The Role of Strength Training, Stress, and Nutrition

Instead of trying to outsmart our metabolism, Jillian emphasized that we need to support it in ways that actually make sense for our bodies. That means:

  • Strength training is non-negotiable. More muscle means a higher resting metabolic rate, which means the body burns more energy even at rest. It’s also essential for hormone balance, bone health, and longevity.

  • Chronic stress is a metabolism killer. Many of us are constantly pushing through high stress levels, which raises cortisol and can lead to fatigue, weight gain, and hormonal imbalances. Learning to manage stress through movement, rest, and recovery is key.

Food is fuel, not the enemy.

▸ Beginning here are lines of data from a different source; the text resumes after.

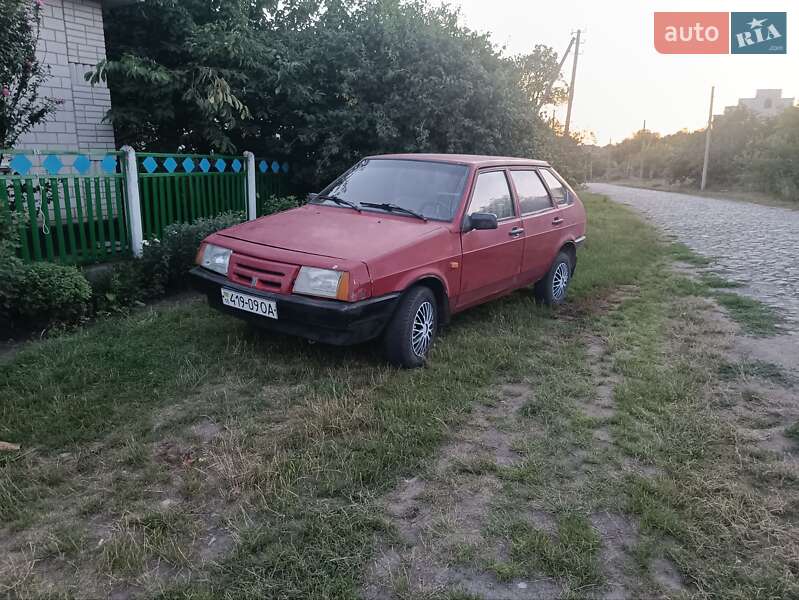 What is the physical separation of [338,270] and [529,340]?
213 centimetres

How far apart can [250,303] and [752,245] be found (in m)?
10.6

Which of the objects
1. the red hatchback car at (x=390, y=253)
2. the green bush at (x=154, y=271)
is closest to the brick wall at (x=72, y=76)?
the green bush at (x=154, y=271)

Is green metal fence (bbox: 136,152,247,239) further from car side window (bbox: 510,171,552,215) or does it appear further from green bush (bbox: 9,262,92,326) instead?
car side window (bbox: 510,171,552,215)

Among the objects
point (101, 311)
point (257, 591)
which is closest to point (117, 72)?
point (101, 311)

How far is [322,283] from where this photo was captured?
4.05 meters

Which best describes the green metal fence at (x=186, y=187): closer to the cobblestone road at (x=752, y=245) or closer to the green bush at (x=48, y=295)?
the green bush at (x=48, y=295)

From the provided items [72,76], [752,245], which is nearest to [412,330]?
[72,76]

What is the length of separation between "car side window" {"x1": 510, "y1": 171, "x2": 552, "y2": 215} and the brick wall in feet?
19.2

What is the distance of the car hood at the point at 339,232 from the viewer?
427 cm

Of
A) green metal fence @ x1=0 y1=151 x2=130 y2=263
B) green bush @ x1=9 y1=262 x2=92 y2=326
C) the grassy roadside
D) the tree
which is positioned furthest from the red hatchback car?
the tree

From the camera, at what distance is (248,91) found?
29.6ft

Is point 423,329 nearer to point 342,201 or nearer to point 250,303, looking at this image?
point 250,303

Instead of focusing on eating less, Jillian recommends focusing on eating enough—especially protein, which helps build and maintain muscle and supports overall metabolic health.

 

Actionable Steps to Support Metabolic Health

If you’re looking to improve your metabolism and feel better in your body, here are a few things to focus on:

  • Prioritize protein: Aim for a source of protein at every meal to support muscle growth and satiety.

  • Incorporate strength training: If you’re not already lifting weights, start small—just two or three days a week can make a big difference.

  • Increase movement throughout the day: Beyond structured workouts, simple things like walking more, stretching, or standing while working can add up.

  • Manage stress intentionally: Whether it’s better sleep, deep breathing, or cutting back on high-intensity workouts, finding ways to lower stress levels can help regulate metabolism and hormones.

Get enough sleep: Poor sleep can disrupt metabolism, increase cravings, and make it harder for the body to recover properly.

 

Let’s Stay Curious Together.

What I loved most about this conversation with Jillian was the mindset shift—metabolism isn’t about restriction, punishment, or luck. It’s about supporting our bodies so they can function the way they’re meant to.